Working inside an institution renowned for its psychiatric standards is its own form of education. Excellence, when it surrounds you, has a way of reshaping what you consider adequate.

Alongside the clinical demands, I was also deepening skills that would serve me in every psychiatric role that followed — the ability to make sound clinical decisions independently in the evening hours, to communicate effectively with patients in acute distress, and to manage the ward environment with steadiness under pressure.

Skills Deepened

What This Chapter Built

Independent inpatient psychiatric management during evening hours

Acute psychiatric crisis assessment and emergency response

Clinical decision-making under a high-standard institutional framework

Ward environment management — calm, structured, patient-centred

Parallel clinical stamina — managing two demanding roles simultaneously

A Foundation That Carried Forward

The psychiatric clinical competencies built during this period did not stay at Karwan-e-Hayat — they travelled with me into every role that followed, including my eventual return to the institution in a different capacity entirely.

Acute Psychiatric Management

Managing the full range of inpatient psychiatric presentations during evening hours — from admission assessment through to stabilisation and handover.

Psychiatric Emergency Response

Recognising and responding to acute psychiatric deteriorations — agitation, psychotic episodes, risk events — independently and decisively.

Institutional Clinical Standards

Working within the framework of a high-standard psychiatric institution, absorbing its protocols, its culture, and its expectations for clinical quality.

Dual-Role Clinical Stamina

Running evening psychiatric responsibilities alongside overnight ICU duties at Jamal Noor — a period that built exceptional clinical endurance and adaptability.

The Institution

Karwan-e-Hayat — A Benchmark for Psychiatric Care

Karwan-e-Hayat has established itself as one of Pakistan's most respected psychiatric institutions — offering the full spectrum of mental health services with a commitment to clinical excellence that is visible in every aspect of its operations. To have served within its walls is a professional distinction I carry with genuine pride. It is an institution that does not merely treat psychiatric illness — it sets the standard for how psychiatric illness should be treated.

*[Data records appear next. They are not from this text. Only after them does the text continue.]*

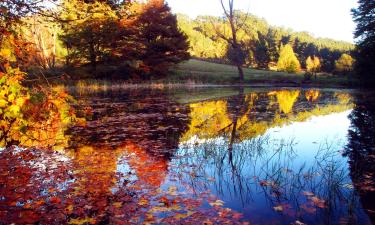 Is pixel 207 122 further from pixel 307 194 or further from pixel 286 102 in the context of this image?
pixel 286 102

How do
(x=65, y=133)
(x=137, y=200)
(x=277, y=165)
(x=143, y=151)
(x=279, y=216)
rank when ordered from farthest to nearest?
(x=65, y=133) < (x=143, y=151) < (x=277, y=165) < (x=137, y=200) < (x=279, y=216)

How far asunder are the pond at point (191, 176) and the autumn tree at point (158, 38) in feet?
88.8

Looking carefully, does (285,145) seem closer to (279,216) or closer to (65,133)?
(279,216)

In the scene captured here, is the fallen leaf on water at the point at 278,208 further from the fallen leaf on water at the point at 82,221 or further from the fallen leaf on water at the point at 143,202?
the fallen leaf on water at the point at 82,221

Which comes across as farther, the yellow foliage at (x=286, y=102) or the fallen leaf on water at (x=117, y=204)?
the yellow foliage at (x=286, y=102)

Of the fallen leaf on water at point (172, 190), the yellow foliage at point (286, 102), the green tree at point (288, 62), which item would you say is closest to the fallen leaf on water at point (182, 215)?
the fallen leaf on water at point (172, 190)

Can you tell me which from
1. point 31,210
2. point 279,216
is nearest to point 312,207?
point 279,216

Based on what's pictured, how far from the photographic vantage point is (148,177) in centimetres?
616

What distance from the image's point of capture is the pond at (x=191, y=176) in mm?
4582

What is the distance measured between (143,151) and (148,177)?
1903 millimetres

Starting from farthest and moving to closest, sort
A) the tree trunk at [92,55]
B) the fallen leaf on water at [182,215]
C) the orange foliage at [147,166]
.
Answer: the tree trunk at [92,55], the orange foliage at [147,166], the fallen leaf on water at [182,215]

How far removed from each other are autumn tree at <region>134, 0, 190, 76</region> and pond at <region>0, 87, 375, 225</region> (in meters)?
27.1

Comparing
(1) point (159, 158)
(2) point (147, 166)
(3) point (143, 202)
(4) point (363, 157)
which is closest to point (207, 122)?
(1) point (159, 158)

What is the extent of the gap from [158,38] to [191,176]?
33.4 metres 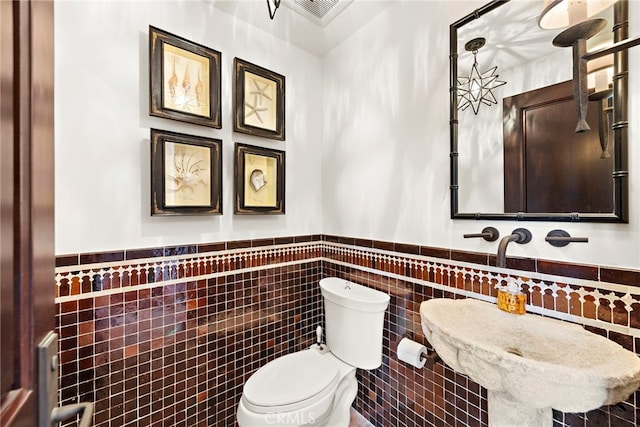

From Karwan-e-Hayat to What Followed

When this chapter concluded, I continued for a period with my ICU responsibilities at Jamal Noor Hospital — carrying the psychiatric clinical depth I had built at Karwan-e-Hayat alongside the critical care experience that had been developing in parallel. It was a combination of competencies — psychiatric acuity and intensive care stamina — that would prove invaluable in the roles that followed.

Shortly after, I joined SSWAB Trust Kidney Care, where a new clinical chapter — focused on nephrology, chronic disease, and metabolic medicine — would unfold across four years. The breadth accumulated across these parallel years became the foundation on which everything that followed was built.

2019 to 2020 — A Chapter of Quiet Depth

This was not the longest chapter of my career, but it was among the most concentrated in terms of what it built. An evening role inside one of Karachi's finest psychiatric institutions — running alongside critical care responsibilities through the night — forged a clinical versatility that continued to serve me across every role that followed.